Thereupon Aladdin brought out the platter, which when the ancient goldsmith saw, he took and weighed it in his scales and asked the lad, saying, "Was it the fellow of this thou soldest to the Jew?" "Yes, its fellow and its brother," he answered, and quoth the old man, "What price did he pay thee?" Quoth the lad, "One dinar." The ancient goldsmith, hearing from Aladdin how the Jew used to give only one dinar as the price of the platter, cried, "Ah! I take refuge from this accursed who cozeneth the servants of Allah Almighty!" Then, looking at the lad, he exclaimed: "O my son, verily yon tricksy Jew hath cheated thee and laughed at thee, this platter being pure silver and virginal. I have weighed it and found it worth seventy dinars, and, if thou please to take its value,-take it." Thereupon the Sheikh counted out to him seventy gold pieces, which he accepted, and presently thanked him for his kindness in exposing the Jew's rascality.

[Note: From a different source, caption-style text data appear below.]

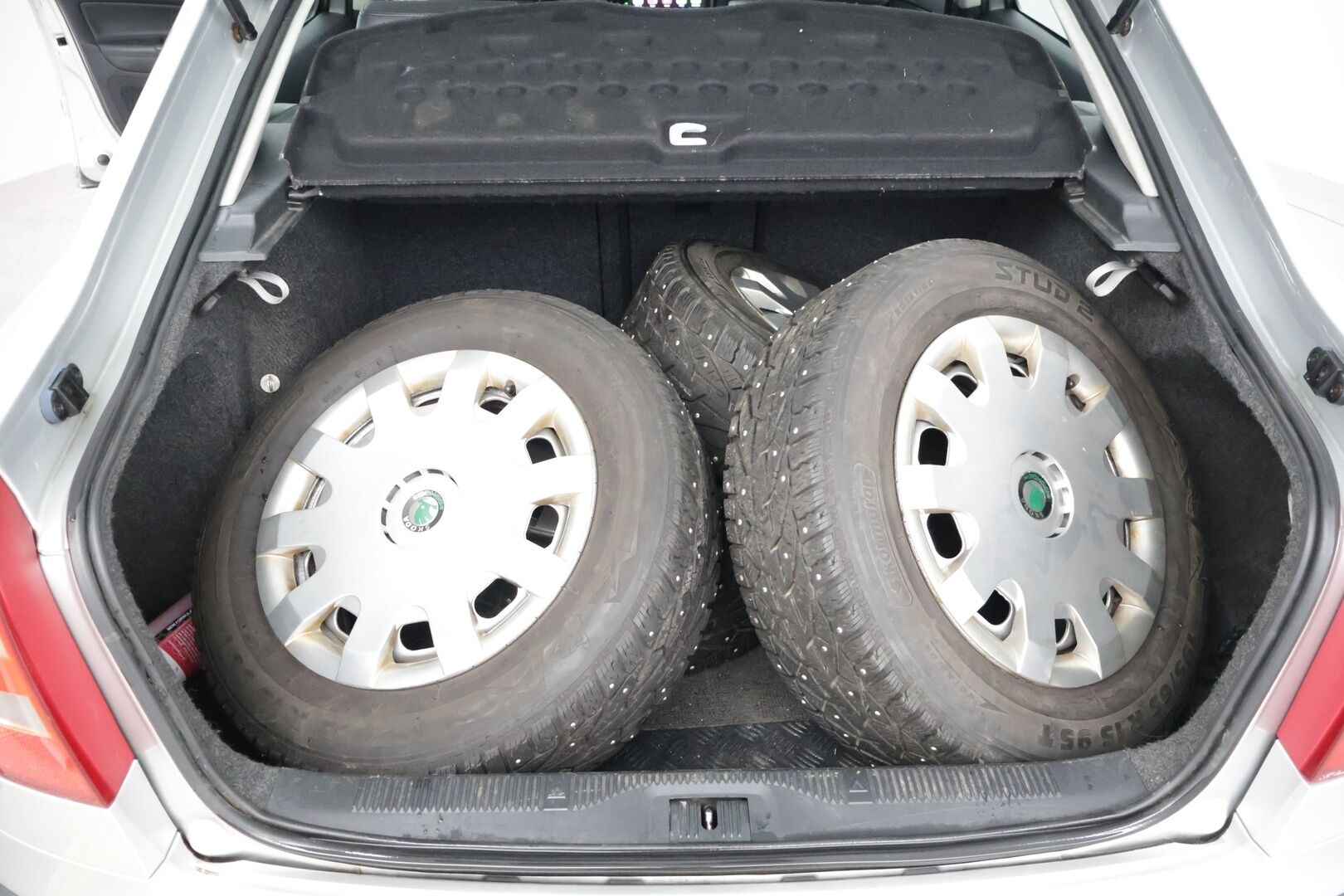 Skoda Octavia 2004 OCTAVIA HB 2.0 TDI DSG Viistoperä (AB) 4ov 1968cm3 A ** YritysOutlet - Myydään vain yrityksille - Sähköinen kattoluukku / Vetokoukku / Vakionopeudensäädin *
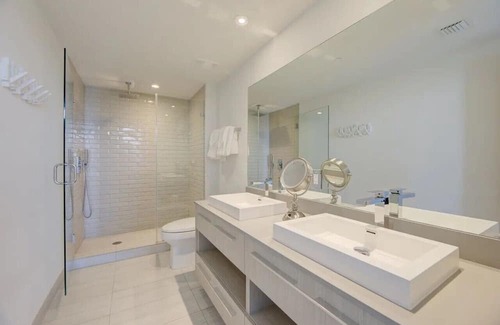 Hollywood South Central Beach Appartement | 253B/ 3 bedroom with Balcony view!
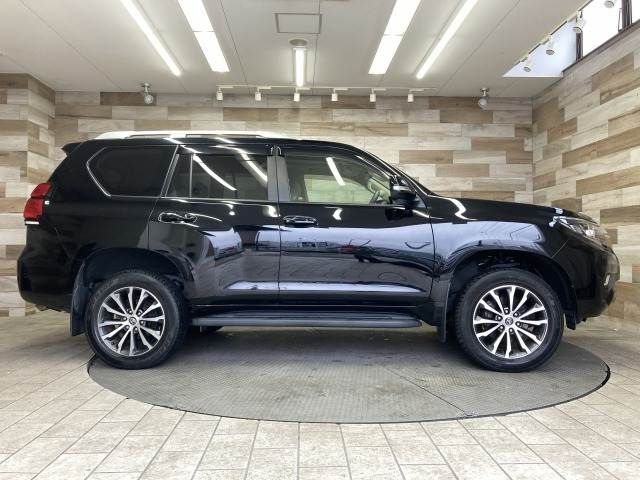 TOYOTA LANDCRUISER PRADO 2017 Image 31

And after this, whenever the price of a platter was expended, he would bring another, and on such wise he and his mother were soon in better circumstances. Yet they ceased not to live after their olden fashion as middle-class folk, without spending on diet overmuch or squandering money. But Aladdin had now thrown off the ungraciousness of his boyhood. He shunned the society of scapegraces and he began to frequent good men and true, repairing daily to the market street of the merchants and there companying with the great and small of them, asking about matters of merchandise and learning the price of investments and so forth. He likewise frequented the bazaars of the goldsmiths and the jewelers, where he would sit and divert himself by inspecting their precious stones and by noting how jewels were sold and bought therein. Accordingly, he presently became ware that the tree truits wherewith he had filled his pockets what time he entered the enchanged treasury were neither glass nor crystal, but gems rich and rare, and he understood that he had acquired immense wealth such as the kings never can possess. He then considered all the precious stones which were in the jewelers' quarter, but found that their biggest was not worth his smallest.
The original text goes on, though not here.